Work task:
Will you give the material below again, every line exactly as it is?

Provided entries:
________

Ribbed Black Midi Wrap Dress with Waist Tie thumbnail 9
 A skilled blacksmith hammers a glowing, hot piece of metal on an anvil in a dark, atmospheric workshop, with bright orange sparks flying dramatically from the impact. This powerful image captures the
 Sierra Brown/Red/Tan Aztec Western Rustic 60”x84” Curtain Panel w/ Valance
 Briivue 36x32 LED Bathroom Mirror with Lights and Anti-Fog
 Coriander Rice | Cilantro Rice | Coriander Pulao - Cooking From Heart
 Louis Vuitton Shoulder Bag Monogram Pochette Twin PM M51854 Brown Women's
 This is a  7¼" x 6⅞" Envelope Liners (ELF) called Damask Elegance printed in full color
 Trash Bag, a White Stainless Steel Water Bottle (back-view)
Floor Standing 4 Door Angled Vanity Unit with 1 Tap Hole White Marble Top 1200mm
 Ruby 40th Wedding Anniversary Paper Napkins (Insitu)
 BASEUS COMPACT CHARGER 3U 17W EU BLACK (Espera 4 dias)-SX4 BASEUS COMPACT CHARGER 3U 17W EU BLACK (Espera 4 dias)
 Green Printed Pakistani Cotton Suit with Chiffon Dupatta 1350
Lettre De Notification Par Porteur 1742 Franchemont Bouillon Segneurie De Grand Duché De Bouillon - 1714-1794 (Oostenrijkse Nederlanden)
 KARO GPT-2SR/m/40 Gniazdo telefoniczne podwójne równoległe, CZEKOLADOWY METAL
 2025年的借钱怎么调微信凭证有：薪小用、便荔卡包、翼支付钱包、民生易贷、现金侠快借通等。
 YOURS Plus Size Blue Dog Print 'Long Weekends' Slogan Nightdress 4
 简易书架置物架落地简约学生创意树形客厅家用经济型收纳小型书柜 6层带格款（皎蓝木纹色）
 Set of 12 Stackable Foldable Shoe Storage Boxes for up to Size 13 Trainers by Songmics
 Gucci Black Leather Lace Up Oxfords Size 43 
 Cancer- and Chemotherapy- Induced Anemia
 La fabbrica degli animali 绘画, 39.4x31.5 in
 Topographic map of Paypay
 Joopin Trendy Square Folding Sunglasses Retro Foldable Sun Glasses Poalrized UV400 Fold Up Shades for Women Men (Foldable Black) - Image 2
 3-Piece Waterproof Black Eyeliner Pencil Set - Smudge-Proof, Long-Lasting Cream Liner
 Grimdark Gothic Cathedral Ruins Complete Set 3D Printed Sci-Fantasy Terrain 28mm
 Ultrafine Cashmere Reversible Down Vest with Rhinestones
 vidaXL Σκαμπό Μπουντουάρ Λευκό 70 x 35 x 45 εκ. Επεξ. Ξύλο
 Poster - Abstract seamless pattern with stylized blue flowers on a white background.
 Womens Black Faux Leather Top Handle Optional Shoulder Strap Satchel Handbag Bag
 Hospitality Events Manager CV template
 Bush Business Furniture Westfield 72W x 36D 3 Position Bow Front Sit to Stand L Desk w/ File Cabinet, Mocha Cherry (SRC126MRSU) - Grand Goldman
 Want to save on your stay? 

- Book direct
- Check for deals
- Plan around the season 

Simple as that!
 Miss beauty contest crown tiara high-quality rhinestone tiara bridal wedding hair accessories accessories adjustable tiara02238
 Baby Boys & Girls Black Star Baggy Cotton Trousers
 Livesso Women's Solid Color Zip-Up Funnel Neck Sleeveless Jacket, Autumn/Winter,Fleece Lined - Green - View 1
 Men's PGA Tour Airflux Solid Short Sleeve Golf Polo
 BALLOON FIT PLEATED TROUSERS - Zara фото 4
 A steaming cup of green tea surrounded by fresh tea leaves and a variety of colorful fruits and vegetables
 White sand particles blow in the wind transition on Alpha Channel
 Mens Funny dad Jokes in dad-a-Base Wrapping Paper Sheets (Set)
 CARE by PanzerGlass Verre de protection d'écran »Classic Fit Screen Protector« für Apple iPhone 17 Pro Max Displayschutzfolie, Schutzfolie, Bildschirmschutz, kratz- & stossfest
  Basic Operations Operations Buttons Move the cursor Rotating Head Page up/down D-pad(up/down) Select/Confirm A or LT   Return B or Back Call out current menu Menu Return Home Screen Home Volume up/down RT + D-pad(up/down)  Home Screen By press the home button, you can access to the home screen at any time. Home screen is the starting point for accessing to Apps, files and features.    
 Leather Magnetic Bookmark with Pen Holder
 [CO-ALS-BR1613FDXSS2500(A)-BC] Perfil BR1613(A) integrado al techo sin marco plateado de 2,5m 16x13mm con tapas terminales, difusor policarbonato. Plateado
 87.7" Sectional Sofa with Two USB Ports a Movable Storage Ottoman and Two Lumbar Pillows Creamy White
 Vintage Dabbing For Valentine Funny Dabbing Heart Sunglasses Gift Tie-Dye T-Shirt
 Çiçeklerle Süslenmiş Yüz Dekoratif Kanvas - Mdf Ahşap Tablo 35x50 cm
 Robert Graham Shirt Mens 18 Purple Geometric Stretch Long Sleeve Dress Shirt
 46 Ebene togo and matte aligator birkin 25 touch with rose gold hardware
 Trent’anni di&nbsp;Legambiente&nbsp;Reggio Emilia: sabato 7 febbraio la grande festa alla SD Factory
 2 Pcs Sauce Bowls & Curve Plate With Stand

________

Solution to this exercise:
Ribbed Black Midi Wrap Dress with Waist Tie thumbnail 9
 A skilled blacksmith hammers a glowing, hot piece of metal on an anvil in a dark, atmospheric workshop, with bright orange sparks flying dramatically from the impact. This powerful image captures the
 Sierra Brown/Red/Tan Aztec Western Rustic 60”x84” Curtain Panel w/ Valance
 Briivue 36x32 LED Bathroom Mirror with Lights and Anti-Fog
 Coriander Rice | Cilantro Rice | Coriander Pulao - Cooking From Heart
 Louis Vuitton Shoulder Bag Monogram Pochette Twin PM M51854 Brown Women's
 This is a  7¼" x 6⅞" Envelope Liners (ELF) called Damask Elegance printed in full color
 Trash Bag, a White Stainless Steel Water Bottle (back-view)
Floor Standing 4 Door Angled Vanity Unit with 1 Tap Hole White Marble Top 1200mm
 Ruby 40th Wedding Anniversary Paper Napkins (Insitu)
 BASEUS COMPACT CHARGER 3U 17W EU BLACK (Espera 4 dias)-SX4 BASEUS COMPACT CHARGER 3U 17W EU BLACK (Espera 4 dias)
 Green Printed Pakistani Cotton Suit with Chiffon Dupatta 1350
Lettre De Notification Par Porteur 1742 Franchemont Bouillon Segneurie De Grand Duché De Bouillon - 1714-1794 (Oostenrijkse Nederlanden)
 KARO GPT-2SR/m/40 Gniazdo telefoniczne podwójne równoległe, CZEKOLADOWY METAL
 2025年的借钱怎么调微信凭证有：薪小用、便荔卡包、翼支付钱包、民生易贷、现金侠快借通等。
 YOURS Plus Size Blue Dog Print 'Long Weekends' Slogan Nightdress 4
 简易书架置物架落地简约学生创意树形客厅家用经济型收纳小型书柜 6层带格款（皎蓝木纹色）
 Set of 12 Stackable Foldable Shoe Storage Boxes for up to Size 13 Trainers by Songmics
 Gucci Black Leather Lace Up Oxfords Size 43 
 Cancer- and Chemotherapy- Induced Anemia
 La fabbrica degli animali 绘画, 39.4x31.5 in
 Topographic map of Paypay
 Joopin Trendy Square Folding Sunglasses Retro Foldable Sun Glasses Poalrized UV400 Fold Up Shades for Women Men (Foldable Black) - Image 2
 3-Piece Waterproof Black Eyeliner Pencil Set - Smudge-Proof, Long-Lasting Cream Liner
 Grimdark Gothic Cathedral Ruins Complete Set 3D Printed Sci-Fantasy Terrain 28mm
 Ultrafine Cashmere Reversible Down Vest with Rhinestones
 vidaXL Σκαμπό Μπουντουάρ Λευκό 70 x 35 x 45 εκ. Επεξ. Ξύλο
 Poster - Abstract seamless pattern with stylized blue flowers on a white background.
 Womens Black Faux Leather Top Handle Optional Shoulder Strap Satchel Handbag Bag
 Hospitality Events Manager CV template
 Bush Business Furniture Westfield 72W x 36D 3 Position Bow Front Sit to Stand L Desk w/ File Cabinet, Mocha Cherry (SRC126MRSU) - Grand Goldman
 Want to save on your stay? 

- Book direct
- Check for deals
- Plan around the season 

Simple as that!
 Miss beauty contest crown tiara high-quality rhinestone tiara bridal wedding hair accessories accessories adjustable tiara02238
 Baby Boys & Girls Black Star Baggy Cotton Trousers
 Livesso Women's Solid Color Zip-Up Funnel Neck Sleeveless Jacket, Autumn/Winter,Fleece Lined - Green - View 1
 Men's PGA Tour Airflux Solid Short Sleeve Golf Polo
 BALLOON FIT PLEATED TROUSERS - Zara фото 4
 A steaming cup of green tea surrounded by fresh tea leaves and a variety of colorful fruits and vegetables
 White sand particles blow in the wind transition on Alpha Channel
 Mens Funny dad Jokes in dad-a-Base Wrapping Paper Sheets (Set)
 CARE by PanzerGlass Verre de protection d'écran »Classic Fit Screen Protector« für Apple iPhone 17 Pro Max Displayschutzfolie, Schutzfolie, Bildschirmschutz, kratz- & stossfest
  Basic Operations Operations Buttons Move the cursor Rotating Head Page up/down D-pad(up/down) Select/Confirm A or LT   Return B or Back Call out current menu Menu Return Home Screen Home Volume up/down RT + D-pad(up/down)  Home Screen By press the home button, you can access to the home screen at any time. Home screen is the starting point for accessing to Apps, files and features.    
 Leather Magnetic Bookmark with Pen Holder
 [CO-ALS-BR1613FDXSS2500(A)-BC] Perfil BR1613(A) integrado al techo sin marco plateado de 2,5m 16x13mm con tapas terminales, difusor policarbonato. Plateado
 87.7" Sectional Sofa with Two USB Ports a Movable Storage Ottoman and Two Lumbar Pillows Creamy White
 Vintage Dabbing For Valentine Funny Dabbing Heart Sunglasses Gift Tie-Dye T-Shirt
 Çiçeklerle Süslenmiş Yüz Dekoratif Kanvas - Mdf Ahşap Tablo 35x50 cm
 Robert Graham Shirt Mens 18 Purple Geometric Stretch Long Sleeve Dress Shirt
 46 Ebene togo and matte aligator birkin 25 touch with rose gold hardware
 Trent’anni di&nbsp;Legambiente&nbsp;Reggio Emilia: sabato 7 febbraio la grande festa alla SD Factory
 2 Pcs Sauce Bowls & Curve Plate With Stand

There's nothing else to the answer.